The model that I implemented took a dataset from Kaggle that had the articles preliminarily labeled as True and False. A groupmate of mine utilized the same model as me but had his model detected left and right bia; I was feeding new data into the same model to see if it would yield the same performance and results. Furthermore, the algorithm is being applied to both the titles and texts of the articles to find the most common ngrams within the true and false articles, versus with his model it was just the titles.
The first challenge I ran into was that the data was too big and I had to cut it down significantly from 20,000 articles per file to about 100 for it to run and be readable. I had word clouds for true, word cloud for false, unigram, bigram and trigram analyses for my data (the most common words extracted from the text). We ran a decision tree based off of unigram and bigram analyses and the accuracies associated with the trees ranged from about 78 - 86%. The cross validation accuracy for both also demonstrated high accuracy.

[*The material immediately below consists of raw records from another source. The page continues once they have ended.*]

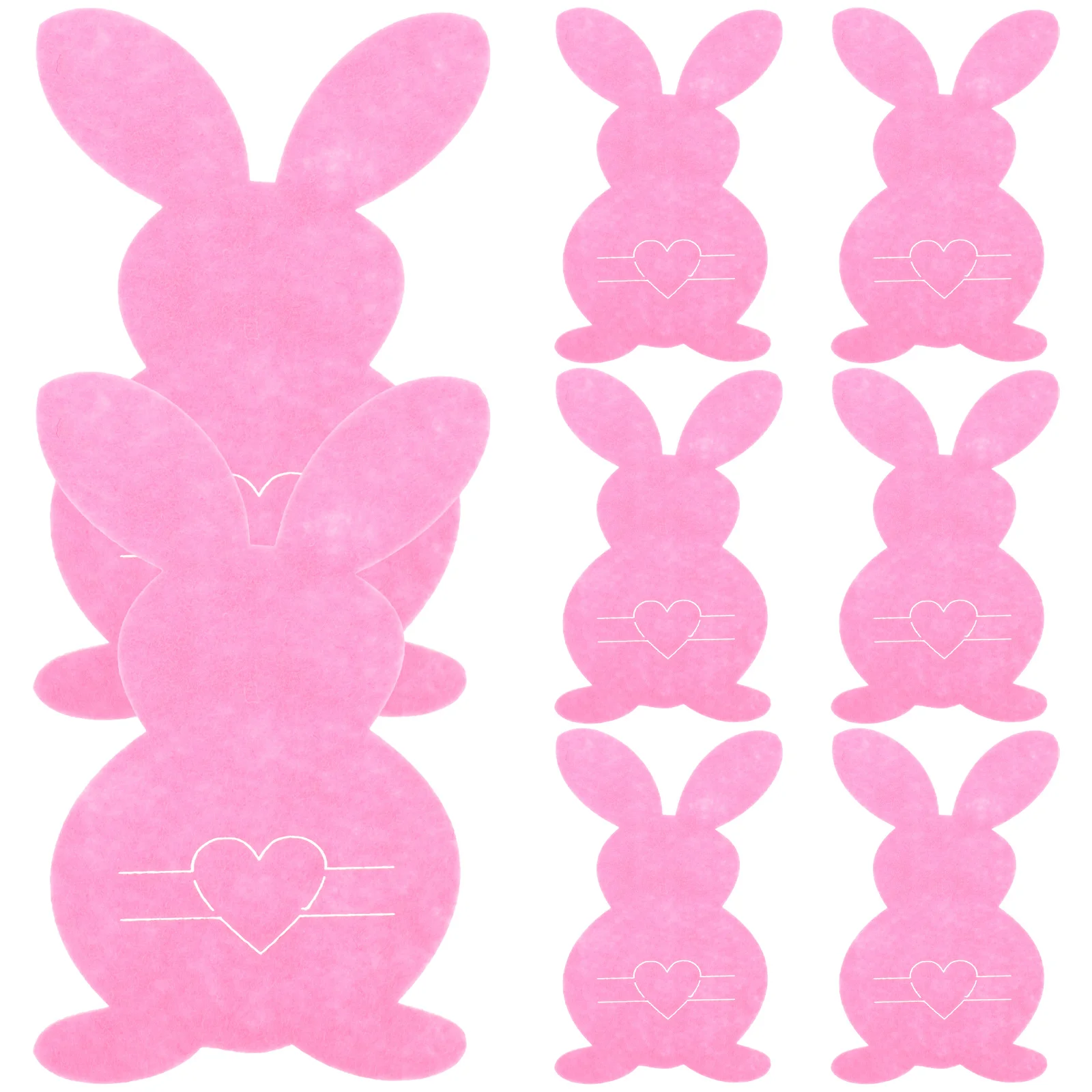 8 Uds. Suministros de conejito, bolsa para cubiertos, soporte decorativo para mesa, tela no tejida rosa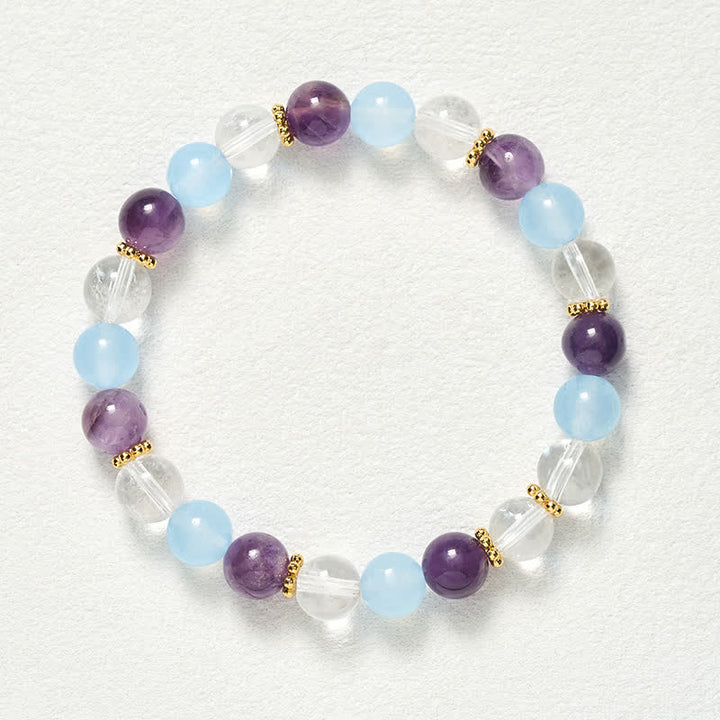 Buddha Stones Beschermende Armband met kralen van helder kwarts, amethist en blauwe chalcedoon. - image 9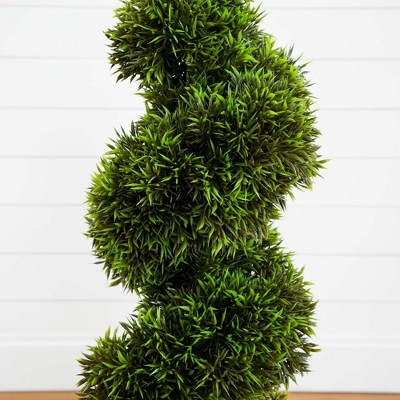 3' Green Plastic Grass Spiral Topiary with Black Planter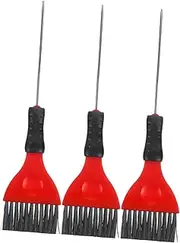 OSOLADY 3Pcs Hair Tint Brush with Pin Tail Professional Hair Dyeing Tool for Precise Coloring Easy to Clean for Salon Home Use Flexible Bristles for Smooth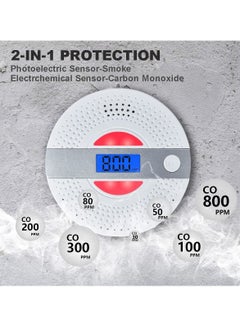 KASTWAVE Carbon Monoxide Detector, CO Alarm with LCD Screen Battery Powered Dual Sensor Combination, Led Indicator, and Loud Sound Alert  - Image 3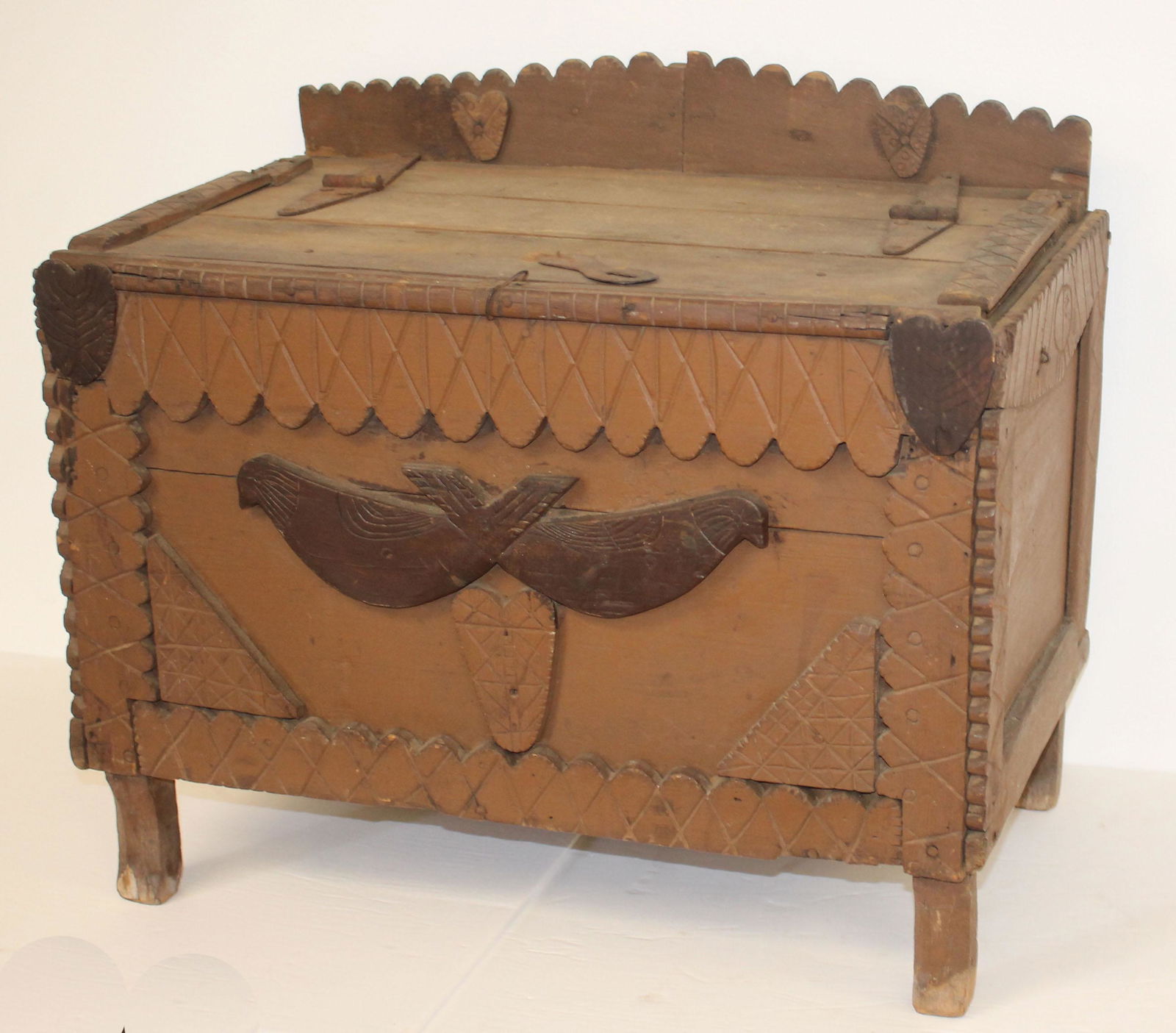 Diminutive Folk Art box w carved doves & heart decoration - 19" tall x 23 1/2" wide x 14" deep (1 of 8)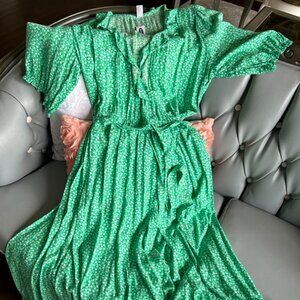 BNWT Green Wrap Midi Dress Sz XL tall from Old Navy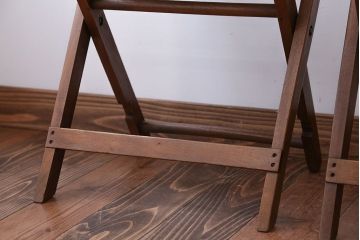アンティーク家具　イギリスアンティーク　古い木製のフォールディングチェア2脚セット(1)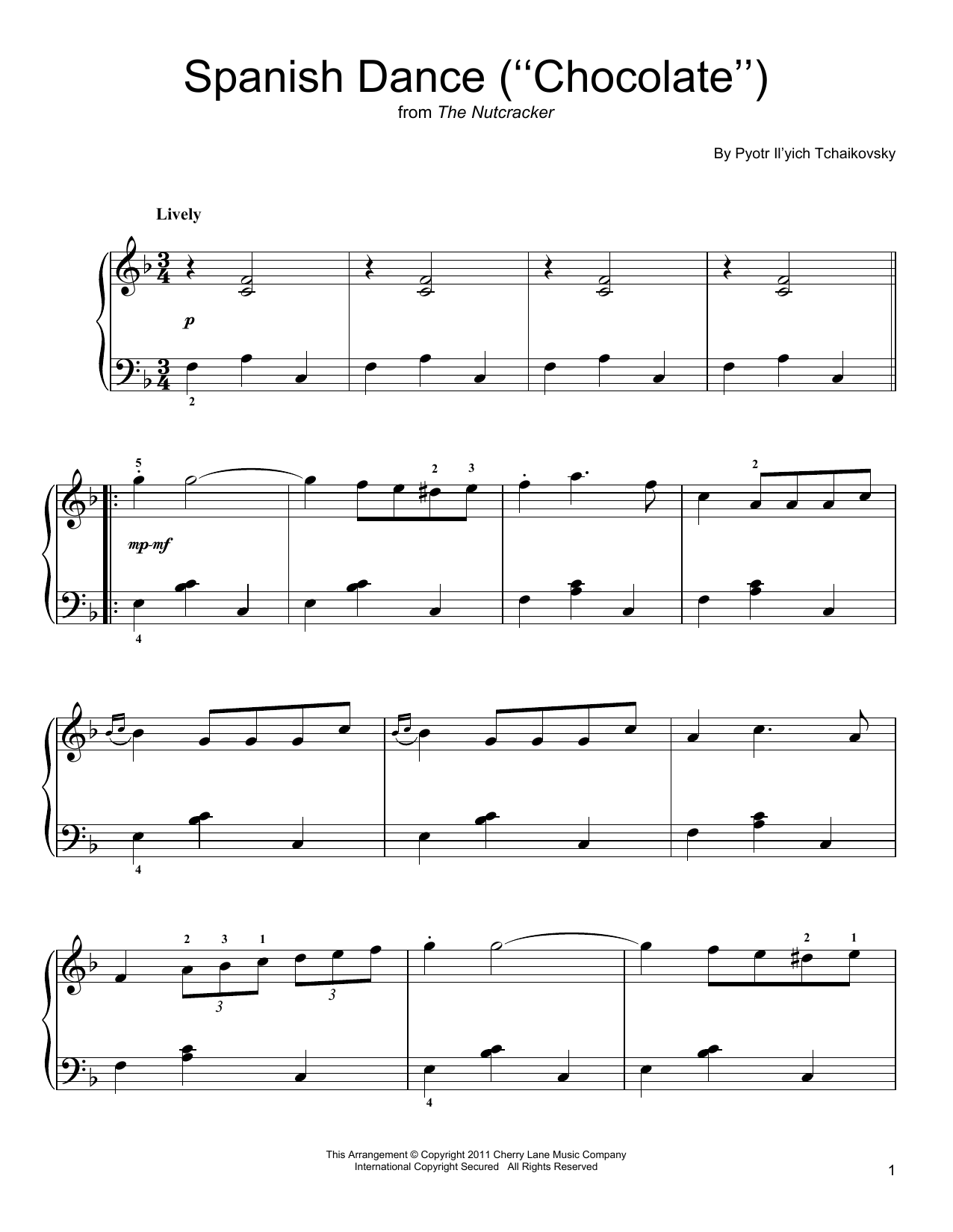 Pyotr Il'yich Tchaikovsky Spanish Dance Sheet Music Notes & Chords for Easy Piano - Download or Print PDF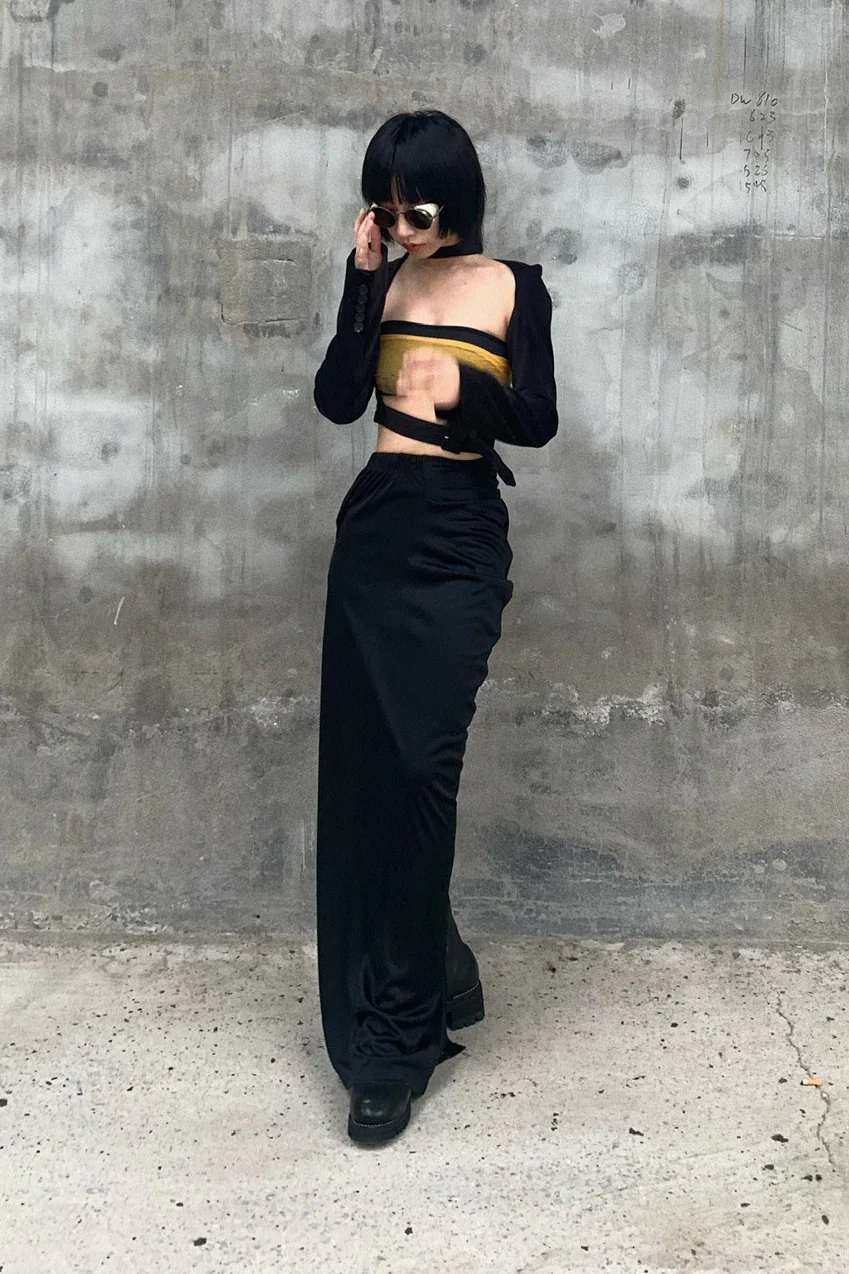 OUDE WAAG Around the Neck Printed Double Layer Tube Top OW-21AW-AS11OR039 Orange Black OW-21AW-AS11 - Image 12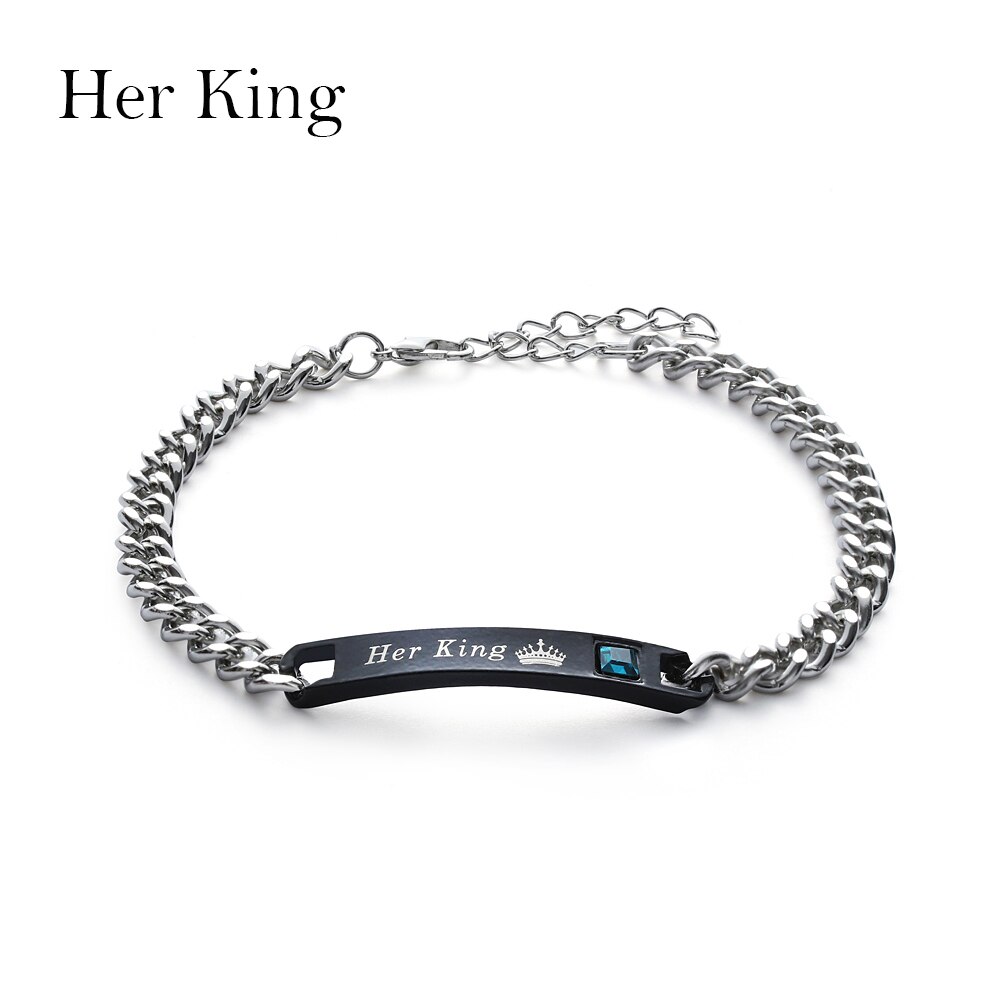 Un par de encantadoras pulseras a la para hombre y mujer, de Her King, su Reina, corona de cristal romántica, accesorios de , joyería de mano: Her King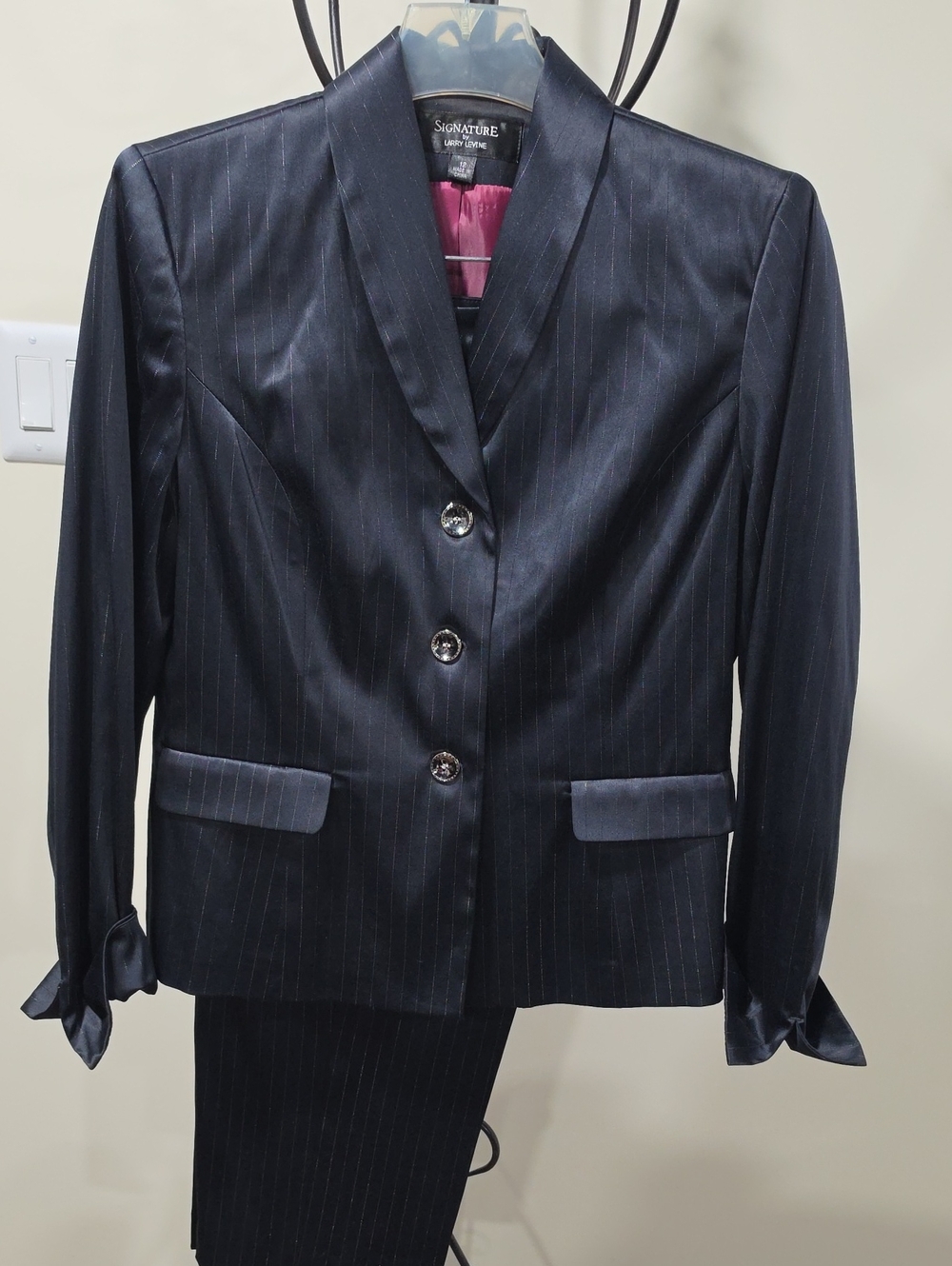 Signature Women’s Navy Pinstripe Suit - Tailored Single-Breasted Blazer
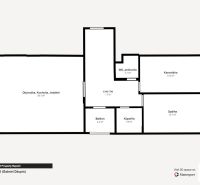ZNÍŽENÁ CENA EXKLUZÍVNE NA PREDAJ: 3-IZBOVÝ BYT 94 m² | PARKOVACIE MIE - Pôdorys 3-izbového bytu s obývačkou, kuchyňou, kanceláriou, spálňou a balkónom.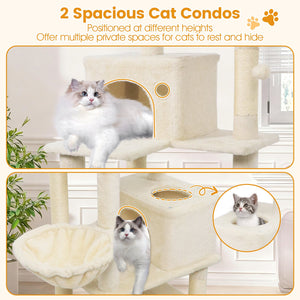 66 Inch Tall Cat Tree Multi-Level Cat Tower with 2 Condos Sisal Scratching Posts-Beige view 7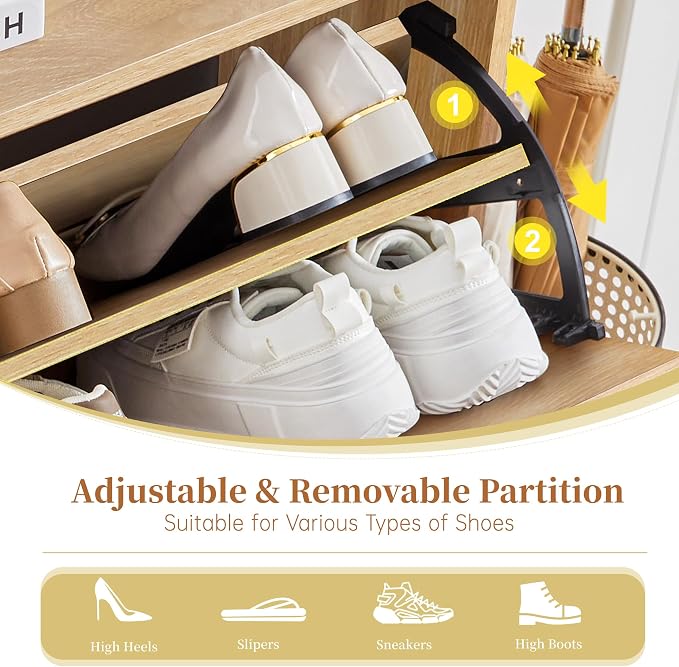 BERRYMERRY 47.2” Shoe Storage Cabinet for Entryway with 4 Flip Drawers, Narrow Shoe Organizer with Wave&Fluted Panel, Freestanding Wood Hidden Shoe Cabinet for Hallway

At the end of the model I introduced two new data points and the unigram model predicted it incorrectly while the bigram predicted one correctly. This may have happened when applying the model in practice, because we realized these articles didn’t cover the same topics as the articles in the training set so the algorithm is possibly not successfully detecting the ngrams. However, if we retested with a bigger set of articles we pulled there is a higher chance it could detect those ngrams.
Overall, I could make the conclusion that it is reasonable to speculate this model and algorithm is applicable to use news articles surrounding one topic (using it in practice would then yield better results as the algorithm will detect ngrams in randomly picked new articles).